§ **TASK DIRECTIONS**: Could you copy the records below exactly, keeping none of the images?

Short descriptive text snippets
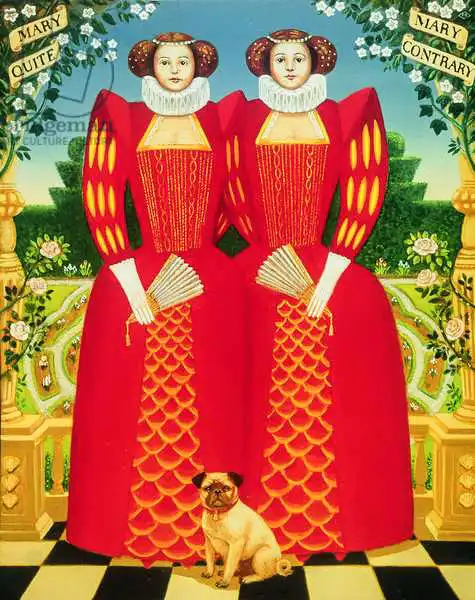 Broomfield, Frances: Mary Mary
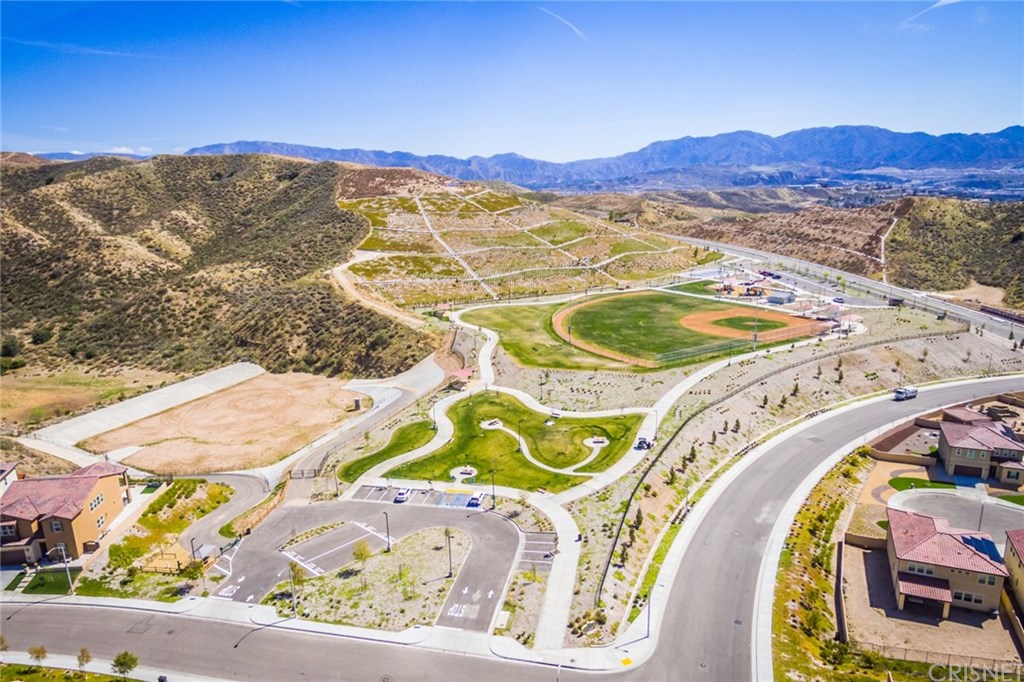 19047 Bension Drive Saugus, CA 91350 - Photo 72 of 72 View of backside of Plum Canyon Park.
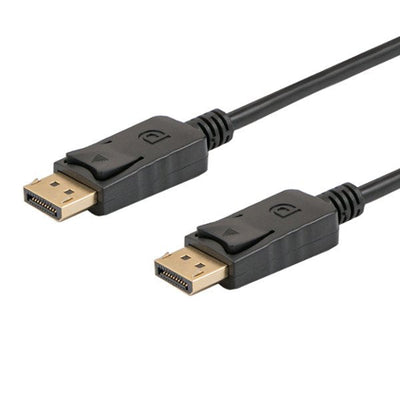 Savio CL-136 Cable DisplayPort M - DisplayPort M V.1.2 4K 2,0M — image 1
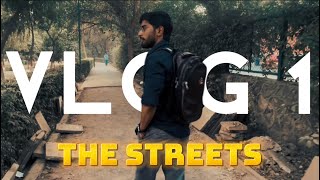 Exploring Street View On Bike in Delhi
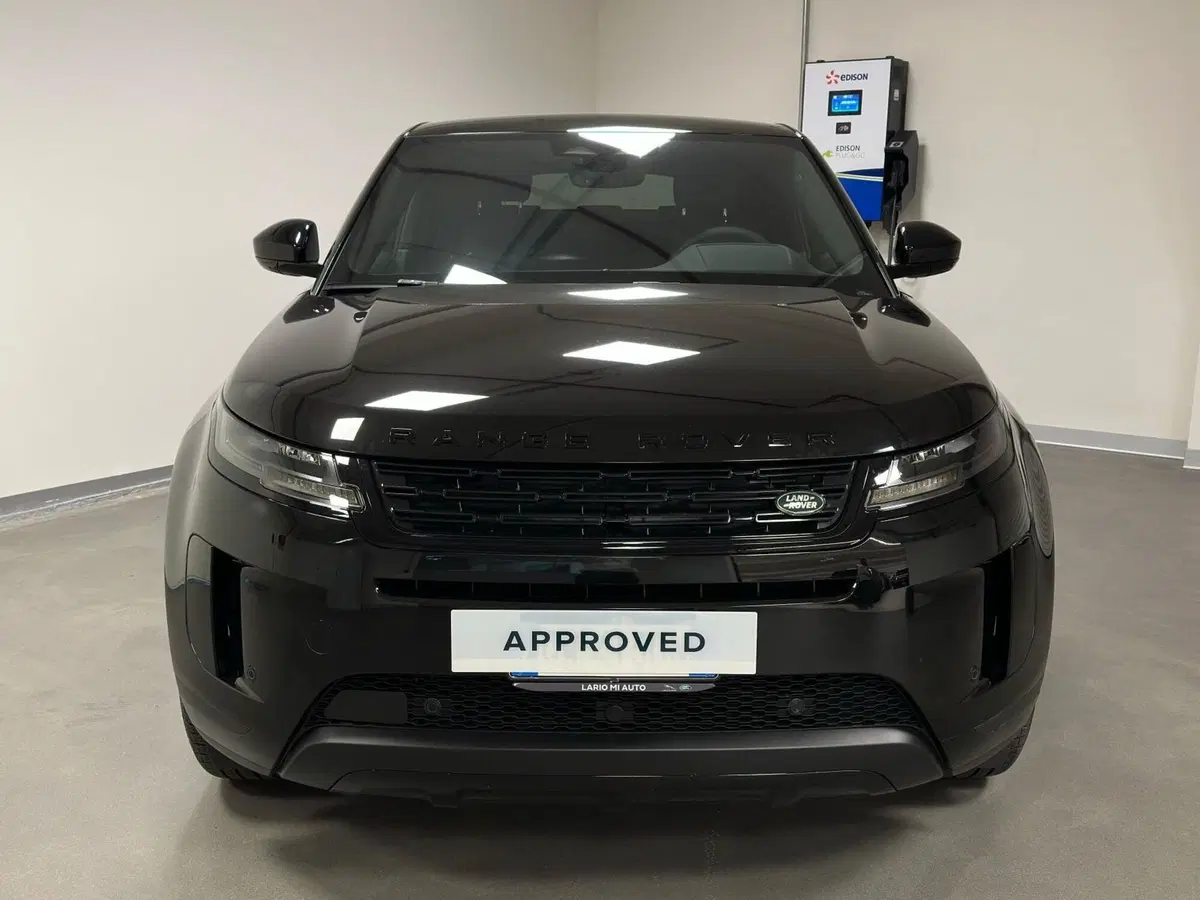 Land Rover Range Rover Evoque usata a Milano (8)
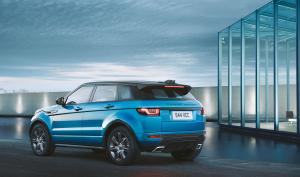 Land Rover Range Rover Evoque Landmark 2017 года  (WW)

§ **EXPECTED OUTPUT**:
 Broomfield, Frances: Mary Mary
 19047 Bension Drive Saugus, CA 91350 - Photo 72 of 72 View of backside of Plum Canyon Park.
 Savio CL-136 Cable DisplayPort M - DisplayPort M V.1.2 4K 2,0M — image 1
 Exploring Street View On Bike in Delhi
 Land Rover Range Rover Evoque usata a Milano (8)
 Land Rover Range Rover Evoque Landmark 2017 года  (WW)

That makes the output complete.